Segment Open
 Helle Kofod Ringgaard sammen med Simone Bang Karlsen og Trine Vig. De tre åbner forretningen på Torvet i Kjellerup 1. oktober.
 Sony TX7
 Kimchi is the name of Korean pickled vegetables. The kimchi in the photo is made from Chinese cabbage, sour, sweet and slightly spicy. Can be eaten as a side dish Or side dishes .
Segment Closed
Segment Open
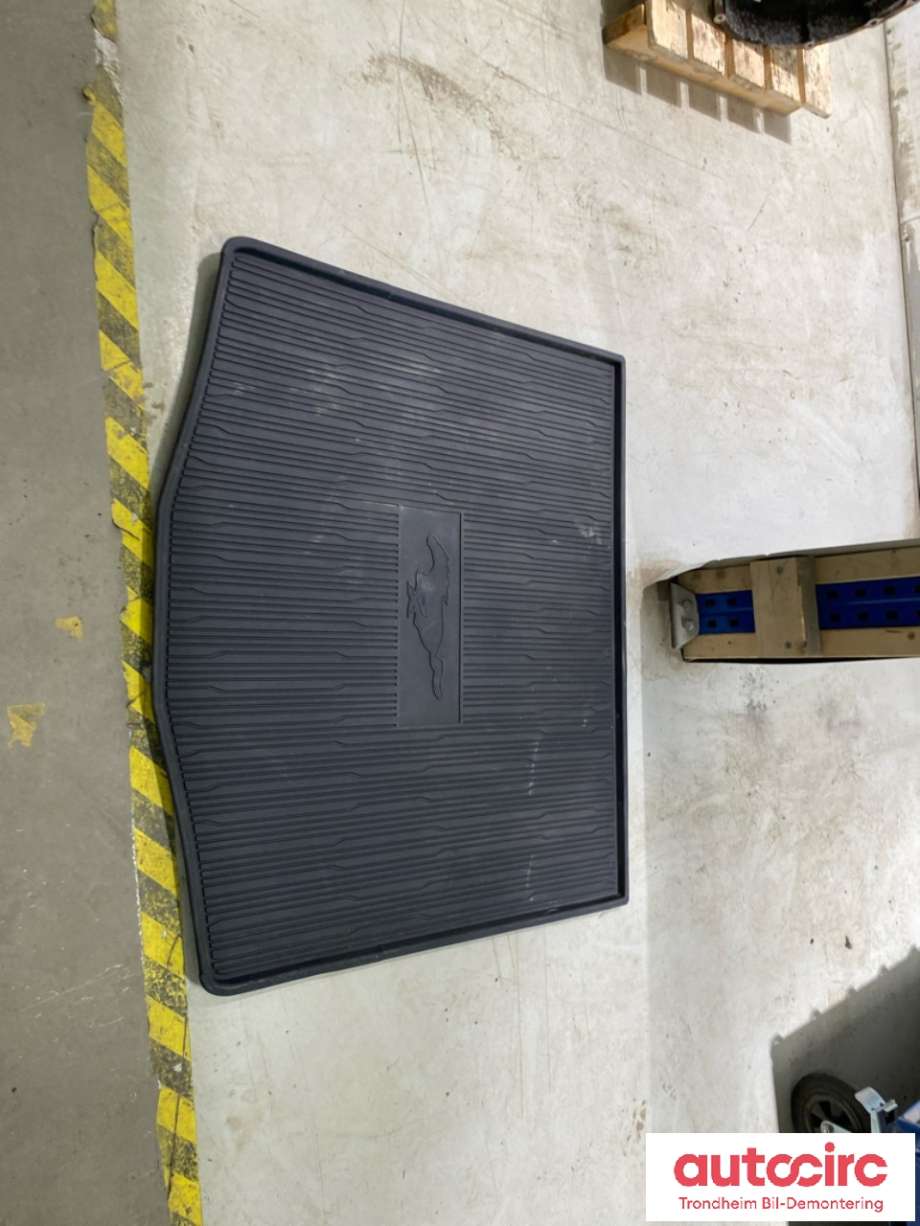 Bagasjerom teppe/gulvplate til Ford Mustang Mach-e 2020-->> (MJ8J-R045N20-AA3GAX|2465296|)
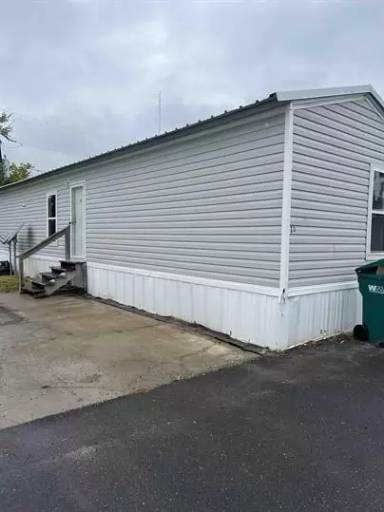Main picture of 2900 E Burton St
Segment Closed
Which lines run from the one holding "Helle Kofod Ringgaard" through the one holding "Kimchi is the" in the records above? Repeat them exactly, both included, and nothing more.

 Helle Kofod Ringgaard sammen med Simone Bang Karlsen og Trine Vig. De tre åbner forretningen på Torvet i Kjellerup 1. oktober.
 Sony TX7
 Kimchi is the name of Korean pickled vegetables. The kimchi in the photo is made from Chinese cabbage, sour, sweet and slightly spicy. Can be eaten as a side dish Or side dishes .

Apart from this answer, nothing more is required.